ABOUT THIS TASK:
Nothing below is to be printed except the lines between the line holding "Pink Color Flower Pearl Drop Earrings" and the line holding "TV NEGRO (9155Q6N)", inclusive, each exactly as it appears.

EXERCISE MATERIAL:
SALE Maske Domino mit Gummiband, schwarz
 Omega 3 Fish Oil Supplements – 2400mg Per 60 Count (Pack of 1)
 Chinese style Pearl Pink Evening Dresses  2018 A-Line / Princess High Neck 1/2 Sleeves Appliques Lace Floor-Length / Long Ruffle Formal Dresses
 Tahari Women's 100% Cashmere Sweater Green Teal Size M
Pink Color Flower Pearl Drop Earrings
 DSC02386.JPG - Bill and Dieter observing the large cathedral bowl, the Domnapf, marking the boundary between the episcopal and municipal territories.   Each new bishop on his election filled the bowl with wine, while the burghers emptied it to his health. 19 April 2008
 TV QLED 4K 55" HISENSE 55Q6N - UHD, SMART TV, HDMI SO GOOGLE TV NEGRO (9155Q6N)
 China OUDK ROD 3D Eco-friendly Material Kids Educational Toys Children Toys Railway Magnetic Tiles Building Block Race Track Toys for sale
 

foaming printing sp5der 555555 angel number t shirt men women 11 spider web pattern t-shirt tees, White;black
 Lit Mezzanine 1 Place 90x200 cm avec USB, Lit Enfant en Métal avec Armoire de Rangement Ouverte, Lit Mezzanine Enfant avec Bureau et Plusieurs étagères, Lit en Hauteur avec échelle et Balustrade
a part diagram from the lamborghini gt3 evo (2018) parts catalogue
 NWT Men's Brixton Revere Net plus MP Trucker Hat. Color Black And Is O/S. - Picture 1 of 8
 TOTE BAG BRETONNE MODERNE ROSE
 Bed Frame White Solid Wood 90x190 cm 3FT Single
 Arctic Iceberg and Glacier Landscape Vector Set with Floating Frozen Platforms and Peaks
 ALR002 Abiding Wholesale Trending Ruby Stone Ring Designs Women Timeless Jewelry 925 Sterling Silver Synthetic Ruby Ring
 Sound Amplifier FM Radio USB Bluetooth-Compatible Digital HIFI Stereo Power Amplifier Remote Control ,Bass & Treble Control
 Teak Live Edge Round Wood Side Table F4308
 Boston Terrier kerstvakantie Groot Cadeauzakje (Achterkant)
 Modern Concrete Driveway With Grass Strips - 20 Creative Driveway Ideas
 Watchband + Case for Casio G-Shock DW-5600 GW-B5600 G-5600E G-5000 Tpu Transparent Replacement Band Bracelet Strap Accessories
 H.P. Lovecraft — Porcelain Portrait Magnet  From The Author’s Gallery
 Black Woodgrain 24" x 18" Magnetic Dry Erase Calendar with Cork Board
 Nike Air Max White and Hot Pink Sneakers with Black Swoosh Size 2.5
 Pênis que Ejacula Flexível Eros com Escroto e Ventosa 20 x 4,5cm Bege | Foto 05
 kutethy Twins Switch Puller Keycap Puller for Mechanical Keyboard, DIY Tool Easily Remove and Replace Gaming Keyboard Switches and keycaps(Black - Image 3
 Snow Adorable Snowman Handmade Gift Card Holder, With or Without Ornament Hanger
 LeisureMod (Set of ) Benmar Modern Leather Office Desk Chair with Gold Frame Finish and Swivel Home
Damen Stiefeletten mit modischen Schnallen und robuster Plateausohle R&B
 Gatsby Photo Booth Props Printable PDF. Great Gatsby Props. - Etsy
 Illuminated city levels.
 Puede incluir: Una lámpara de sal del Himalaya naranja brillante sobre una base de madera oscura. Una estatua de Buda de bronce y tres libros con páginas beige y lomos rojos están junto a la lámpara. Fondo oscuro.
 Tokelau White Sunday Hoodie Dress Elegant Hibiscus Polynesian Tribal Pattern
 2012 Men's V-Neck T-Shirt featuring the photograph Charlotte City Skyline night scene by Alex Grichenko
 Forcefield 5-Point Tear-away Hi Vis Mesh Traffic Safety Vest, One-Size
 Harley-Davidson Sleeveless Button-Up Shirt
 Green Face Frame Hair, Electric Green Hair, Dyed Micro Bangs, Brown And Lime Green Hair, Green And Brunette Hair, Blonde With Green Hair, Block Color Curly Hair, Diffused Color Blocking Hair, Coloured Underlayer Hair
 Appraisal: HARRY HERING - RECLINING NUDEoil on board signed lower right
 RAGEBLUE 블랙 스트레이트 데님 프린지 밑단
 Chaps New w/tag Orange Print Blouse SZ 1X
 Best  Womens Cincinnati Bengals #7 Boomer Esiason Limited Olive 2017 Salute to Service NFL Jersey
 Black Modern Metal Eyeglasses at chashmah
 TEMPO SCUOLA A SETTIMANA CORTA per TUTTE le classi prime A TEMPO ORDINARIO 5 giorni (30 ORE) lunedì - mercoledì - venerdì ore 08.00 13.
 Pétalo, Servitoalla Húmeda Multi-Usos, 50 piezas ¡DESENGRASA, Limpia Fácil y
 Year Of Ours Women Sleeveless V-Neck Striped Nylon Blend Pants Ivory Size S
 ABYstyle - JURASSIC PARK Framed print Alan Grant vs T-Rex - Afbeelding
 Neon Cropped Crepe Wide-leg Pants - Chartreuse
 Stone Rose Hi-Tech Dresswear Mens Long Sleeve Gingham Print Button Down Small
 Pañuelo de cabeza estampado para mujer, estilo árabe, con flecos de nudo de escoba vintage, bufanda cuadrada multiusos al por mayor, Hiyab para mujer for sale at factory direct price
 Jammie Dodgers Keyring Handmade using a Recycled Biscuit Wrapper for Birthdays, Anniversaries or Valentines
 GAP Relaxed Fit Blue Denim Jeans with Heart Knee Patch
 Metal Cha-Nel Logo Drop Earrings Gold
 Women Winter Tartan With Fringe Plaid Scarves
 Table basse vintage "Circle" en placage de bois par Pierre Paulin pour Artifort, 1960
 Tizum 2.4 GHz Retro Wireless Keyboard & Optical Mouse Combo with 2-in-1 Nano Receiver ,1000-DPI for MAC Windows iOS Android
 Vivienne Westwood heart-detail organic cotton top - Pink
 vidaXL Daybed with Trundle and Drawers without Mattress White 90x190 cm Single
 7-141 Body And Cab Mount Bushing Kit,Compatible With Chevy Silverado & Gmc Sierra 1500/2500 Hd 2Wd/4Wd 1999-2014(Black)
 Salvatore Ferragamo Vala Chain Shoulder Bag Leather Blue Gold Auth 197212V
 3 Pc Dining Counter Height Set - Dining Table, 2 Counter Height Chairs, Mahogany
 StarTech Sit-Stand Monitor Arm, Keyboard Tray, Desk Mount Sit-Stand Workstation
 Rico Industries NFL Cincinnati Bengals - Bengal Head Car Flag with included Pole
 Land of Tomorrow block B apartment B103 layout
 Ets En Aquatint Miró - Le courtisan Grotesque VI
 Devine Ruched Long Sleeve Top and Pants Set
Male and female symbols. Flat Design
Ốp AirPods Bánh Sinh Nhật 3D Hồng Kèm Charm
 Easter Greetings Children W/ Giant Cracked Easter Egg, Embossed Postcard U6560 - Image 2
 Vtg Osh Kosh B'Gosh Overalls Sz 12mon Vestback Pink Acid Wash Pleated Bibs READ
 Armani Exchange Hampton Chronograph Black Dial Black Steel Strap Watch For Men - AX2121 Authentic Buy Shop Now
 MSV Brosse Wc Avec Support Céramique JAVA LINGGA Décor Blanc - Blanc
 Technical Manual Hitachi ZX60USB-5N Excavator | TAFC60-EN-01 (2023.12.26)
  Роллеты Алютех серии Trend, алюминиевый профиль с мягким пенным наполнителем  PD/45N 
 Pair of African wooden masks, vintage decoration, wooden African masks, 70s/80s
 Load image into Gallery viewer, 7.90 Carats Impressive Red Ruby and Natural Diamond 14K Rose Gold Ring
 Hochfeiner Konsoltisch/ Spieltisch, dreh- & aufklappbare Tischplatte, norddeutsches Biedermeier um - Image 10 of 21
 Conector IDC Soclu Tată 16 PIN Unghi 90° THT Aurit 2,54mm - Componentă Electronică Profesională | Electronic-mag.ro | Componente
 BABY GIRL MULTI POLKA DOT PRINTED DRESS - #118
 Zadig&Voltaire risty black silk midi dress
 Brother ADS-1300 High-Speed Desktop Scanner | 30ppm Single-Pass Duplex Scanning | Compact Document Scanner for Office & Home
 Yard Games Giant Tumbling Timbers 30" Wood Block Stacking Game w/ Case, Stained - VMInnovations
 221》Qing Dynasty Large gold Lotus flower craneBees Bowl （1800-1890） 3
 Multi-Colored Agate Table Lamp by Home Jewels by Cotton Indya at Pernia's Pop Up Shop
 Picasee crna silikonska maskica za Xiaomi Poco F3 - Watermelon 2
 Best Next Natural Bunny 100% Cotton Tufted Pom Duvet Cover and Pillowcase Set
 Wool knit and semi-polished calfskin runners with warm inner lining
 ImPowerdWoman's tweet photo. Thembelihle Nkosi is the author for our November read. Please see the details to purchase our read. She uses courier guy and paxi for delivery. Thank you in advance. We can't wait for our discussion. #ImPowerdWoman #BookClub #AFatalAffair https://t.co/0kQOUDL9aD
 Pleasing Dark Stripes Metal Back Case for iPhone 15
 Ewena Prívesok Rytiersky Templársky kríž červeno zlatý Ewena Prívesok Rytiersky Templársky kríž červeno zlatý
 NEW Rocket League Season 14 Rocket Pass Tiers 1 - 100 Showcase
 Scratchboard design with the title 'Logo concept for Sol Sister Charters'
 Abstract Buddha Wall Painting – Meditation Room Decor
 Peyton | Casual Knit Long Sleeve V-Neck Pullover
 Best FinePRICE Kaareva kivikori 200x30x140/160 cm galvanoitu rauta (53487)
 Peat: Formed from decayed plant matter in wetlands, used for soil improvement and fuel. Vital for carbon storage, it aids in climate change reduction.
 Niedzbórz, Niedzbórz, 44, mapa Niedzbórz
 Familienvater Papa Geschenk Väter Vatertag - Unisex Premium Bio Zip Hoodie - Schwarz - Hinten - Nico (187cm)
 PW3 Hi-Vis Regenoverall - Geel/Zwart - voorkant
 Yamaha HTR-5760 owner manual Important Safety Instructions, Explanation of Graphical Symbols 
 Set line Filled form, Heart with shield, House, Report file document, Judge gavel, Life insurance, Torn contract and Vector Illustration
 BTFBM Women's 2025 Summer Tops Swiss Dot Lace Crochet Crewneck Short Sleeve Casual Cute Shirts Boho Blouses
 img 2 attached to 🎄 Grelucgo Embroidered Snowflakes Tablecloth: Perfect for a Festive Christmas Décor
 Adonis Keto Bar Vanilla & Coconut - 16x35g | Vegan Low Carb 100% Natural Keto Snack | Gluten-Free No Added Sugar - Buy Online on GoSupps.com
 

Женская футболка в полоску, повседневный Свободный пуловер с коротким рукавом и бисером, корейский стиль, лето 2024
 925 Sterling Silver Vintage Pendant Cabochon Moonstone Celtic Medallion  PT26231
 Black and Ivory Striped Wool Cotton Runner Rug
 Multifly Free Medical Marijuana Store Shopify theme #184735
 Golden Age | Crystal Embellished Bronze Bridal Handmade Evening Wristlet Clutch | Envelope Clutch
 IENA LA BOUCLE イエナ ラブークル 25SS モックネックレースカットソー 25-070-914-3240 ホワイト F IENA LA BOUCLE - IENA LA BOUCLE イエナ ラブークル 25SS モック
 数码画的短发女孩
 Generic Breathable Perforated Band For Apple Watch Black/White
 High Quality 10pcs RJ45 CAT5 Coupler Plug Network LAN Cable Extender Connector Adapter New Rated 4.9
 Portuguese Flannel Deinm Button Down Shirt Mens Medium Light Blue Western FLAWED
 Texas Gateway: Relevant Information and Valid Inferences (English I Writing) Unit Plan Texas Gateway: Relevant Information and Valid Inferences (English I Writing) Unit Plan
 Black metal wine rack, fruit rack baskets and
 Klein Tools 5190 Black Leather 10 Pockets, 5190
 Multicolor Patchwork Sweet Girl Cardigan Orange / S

OUTPUT OF THE EXERCISE:
Pink Color Flower Pearl Drop Earrings
 DSC02386.JPG - Bill and Dieter observing the large cathedral bowl, the Domnapf, marking the boundary between the episcopal and municipal territories.   Each new bishop on his election filled the bowl with wine, while the burghers emptied it to his health. 19 April 2008
 TV QLED 4K 55" HISENSE 55Q6N - UHD, SMART TV, HDMI SO GOOGLE TV NEGRO (9155Q6N)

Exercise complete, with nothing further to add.